Studio album by Irina Allegrova
- Released: 1992
- Genre: Pop
- Language: Russian
- Label: ZeKo
- Producer: Igor Nikolayev

Irina Allegrova chronology
|  | Strannik moy (1992) | Suzheny moy... (1994) |

= Strannik moy =

Strannik moy (Странник мой; ) is the debut solo studio album by Russian singer Irina Allegrova released in 1992 through ZeKo Records.

==Overview==
The words and music of almost all the songs in the album belong to Igor Nikolayev.

The album was a great success. Several songs from the album were included in the final hit parade Zvukovaya dorozhka of the newspaper Moskovskij Komsomolets for 1991: "Fotografiya 9х12" took fourth place, "Ne bylo pechali" – sixth, "Strannik moy" – ninth, and Allegrova herself was recognized by readers as the best singer of the year. The song "Strannik moy" also became the winner of the Pesnya goda diploma. The composition 	"Moy laskovy i nezhny zver" was performed by the singer back in the days of her participation in the band Electroclub, it also took part in the selection for Pesnya goda–90, but did not make it to the finals.

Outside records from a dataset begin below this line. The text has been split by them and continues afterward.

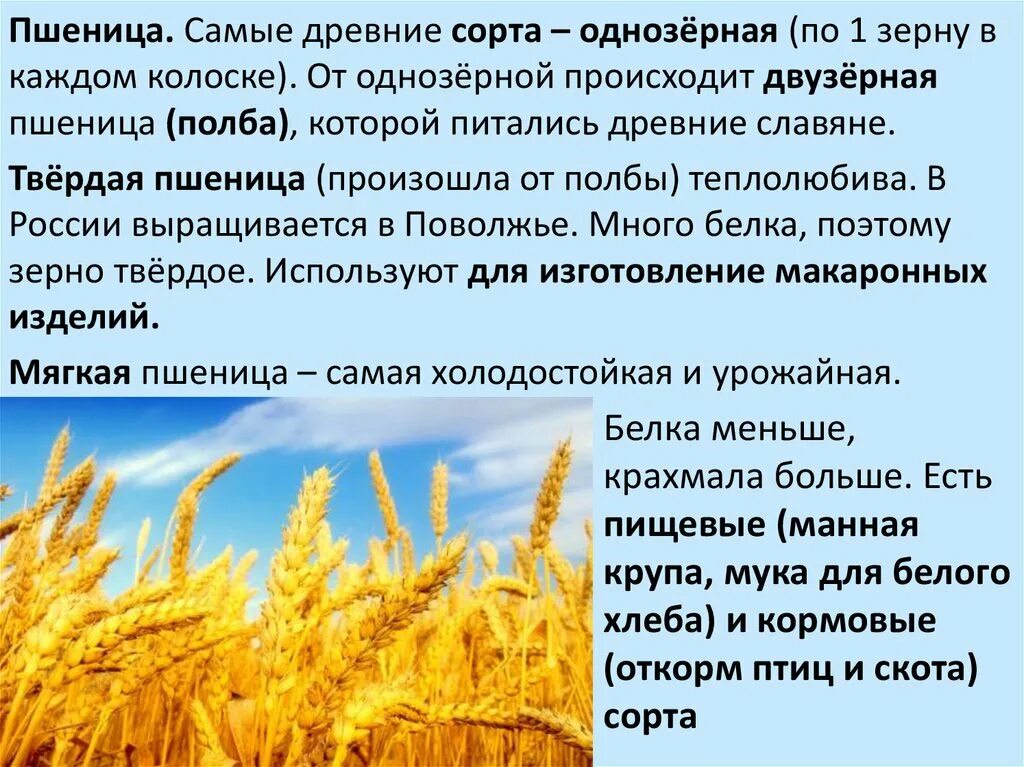 Пшеница твердых сортов польза. Пшеница твердых сортов польза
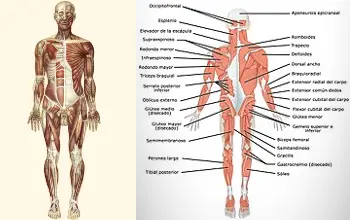 Sistema Muscular 7
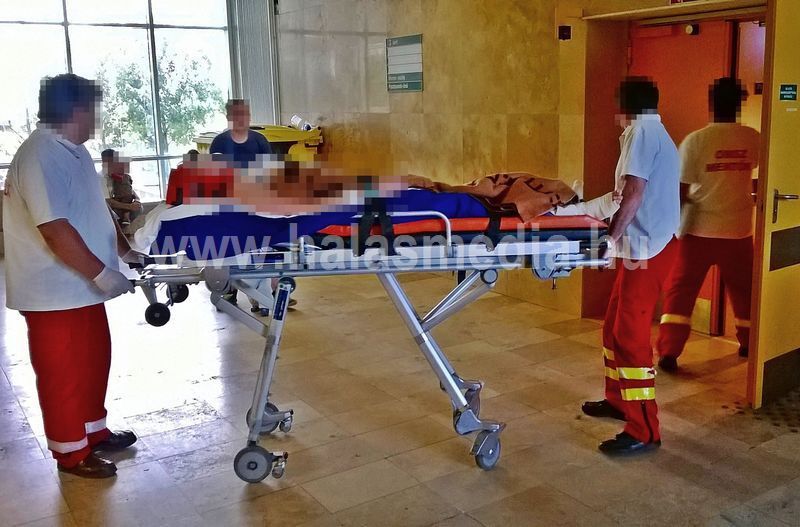 Megérkezett a halasi kórházba Norbi (friss fotóval)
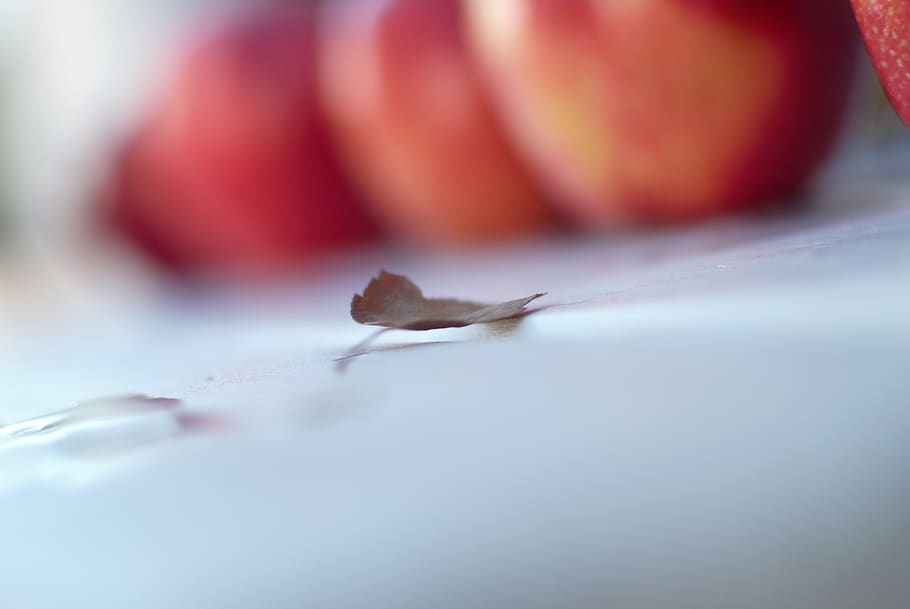 leaf, leaves, autumn, fall, apples, bokeh, living, life, outdoors HD wallpaper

With this program, Allegrova gave five sold-out concerts in three days at the Olympic Stadium in 1992 under the title "Don't Fly Away, Love".Subsequently, the songs "Fotografiya 9х12" and "Strannik moy" became considered the artist's signature songs and classics of Russian pop music.

==Critical reception==
The columnist of the magazine Krugozor Tatyana Tyurina wrote: "Her heroine is a beautiful, smart, modern woman who knows how to love and wants to be loved. We listen to Allegrova's songs, and it seems that this is a confession about herself, about happy or not so happy love, about doubts and hopes. The singer finds her own timbre, new colors for the performance of each song. And what is interesting: no matter how big the hall is, but when Irina Allegrova comes on stage and her songs begin to sound, it seems as if the walls narrow and that trusting atmosphere is created, giving birth to an extraordinary silence, in which everyone seems to be alone with themselves".

==Track listing==

LP edition
| No. | Title | Writer(s) | Length |
|---|---|---|---|
| 1. | "Kak ya soskuchilas" |  | 4:11 |
| 2. | "Strannik moy" |  | 3:06 |
| 3. | "Glupy malchishka" |  | 3:45 |
| 4. | "Ne bylo pechali" |  | 4:53 |
| 5. | "Moy laskovy i nezhny zver" | Sergey Sigarev; Nikolayev; | 4:05 |
| 6. | "Verte v lyubov, devchonki" |  | 2:41 |
| 7. | "Fotografiya 9х12" |  | 3:25 |
| 8. | "Ne uletay, lyubov!" |  | 4:05 |
| Total length: |  |  | 30:11 |

Compact cassette edition
| No. | Title | Writer(s) | Length |
|---|---|---|---|
| 1. | "Kak ya soskuchilas" |  | 4:11 |
| 2. | "Strannik moy" |  | 3:06 |
| 3. | "Glupy malchishka" |  | 3:45 |
| 4. | "Ne bylo pechali" |  | 4:53 |
| 5. | "Svechka, svechechka, svecha" |  | 3:57 |
| 6. | "Mladshy leytenant" |  | 3:45 |
| 7. | "Igrushka" | Pavel Zhagun; Nikolayev; | 3:51 |
| 8. | "Moy laskovy i nezhny zver" | Sigarev; Nikolayev; | 4:05 |
| 9. | "Verte v lyubov, devchonki" |  | 2:41 |
| 10. | "Fotografiya 9х12" |  | 3:25 |
| 11. | "Ne uletay, lyubov!" |  | 4:05 |
| 12. | "Tranzit" | Larisa Rubalskaya; Viktor Chaika; | 4:06 |
| 13. | "Babnik" | Simon Osiashvili; Chaika; | 3:34 |
| Total length: |  |  | 49:24 |

==Personnel==
- Irina Allegrova – vocals
- Igor Nikolayev – arrangement, keyboards, computer
- Igor Piskaryov, Segey Pavlov – photography, design

Credits are adapted from the album's liner notes.